= Task material =
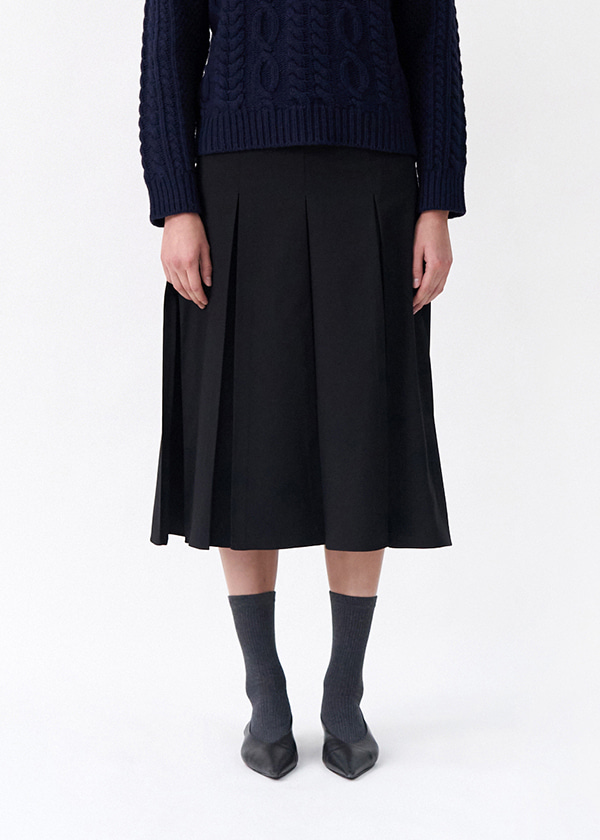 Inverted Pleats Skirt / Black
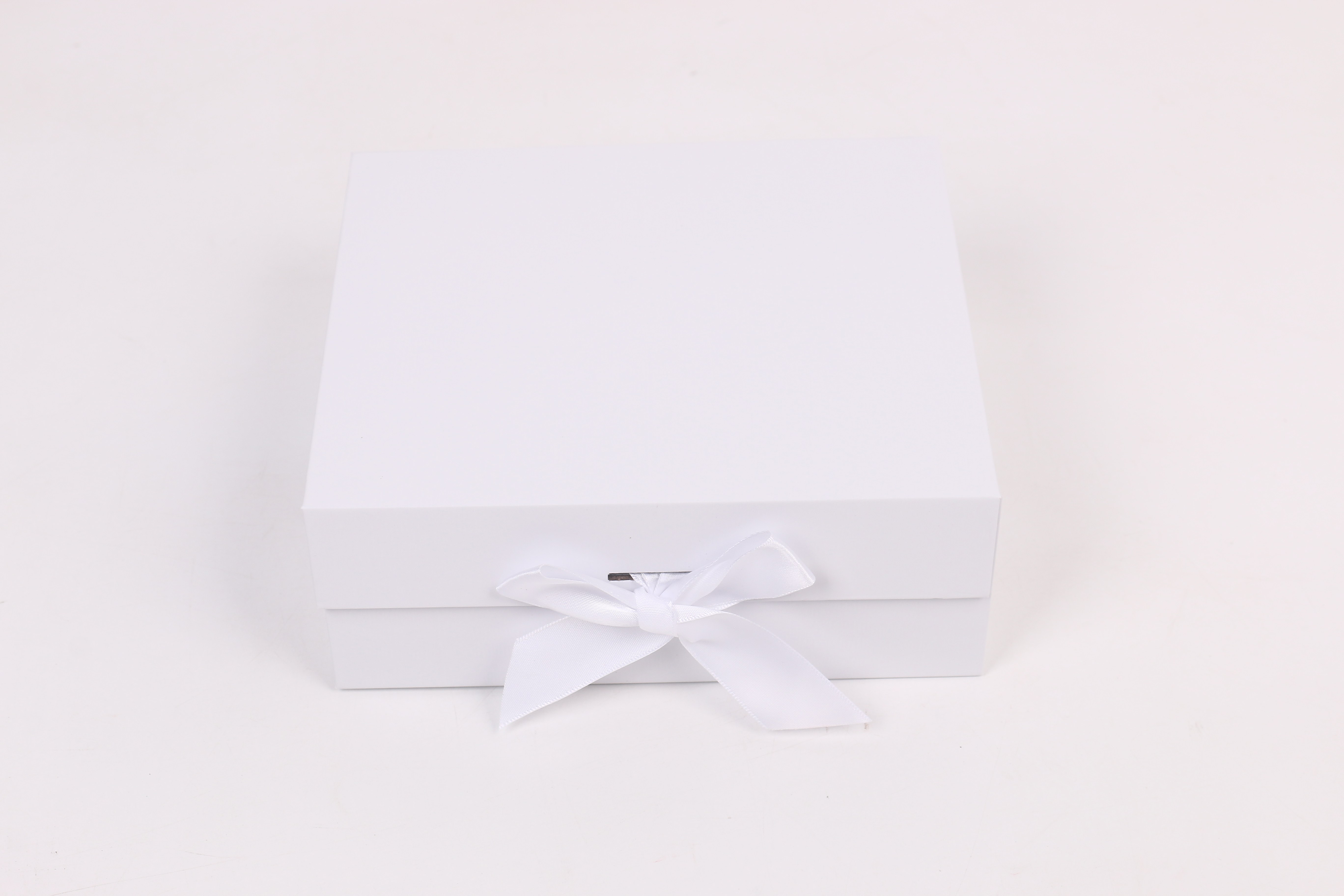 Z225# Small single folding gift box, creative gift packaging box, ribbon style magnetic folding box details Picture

==

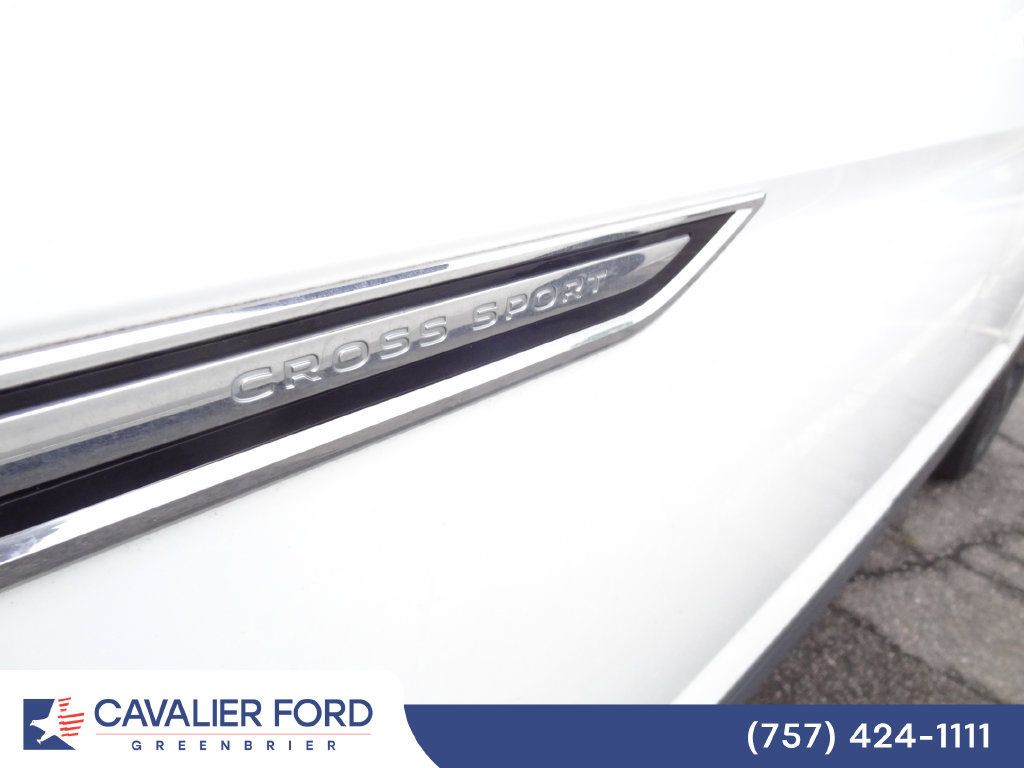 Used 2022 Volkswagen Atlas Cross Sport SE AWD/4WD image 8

...

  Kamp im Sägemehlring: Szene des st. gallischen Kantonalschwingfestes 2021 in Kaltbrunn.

= How to complete this task =
Return only the stretch above from the line containing "Inverted Pleats Skirt / Black" through the line containing "Z225# Small single", word for word and without pictures.

= Written reply =
 Inverted Pleats Skirt / Black
 Z225# Small single folding gift box, creative gift packaging box, ribbon style magnetic folding box details Picture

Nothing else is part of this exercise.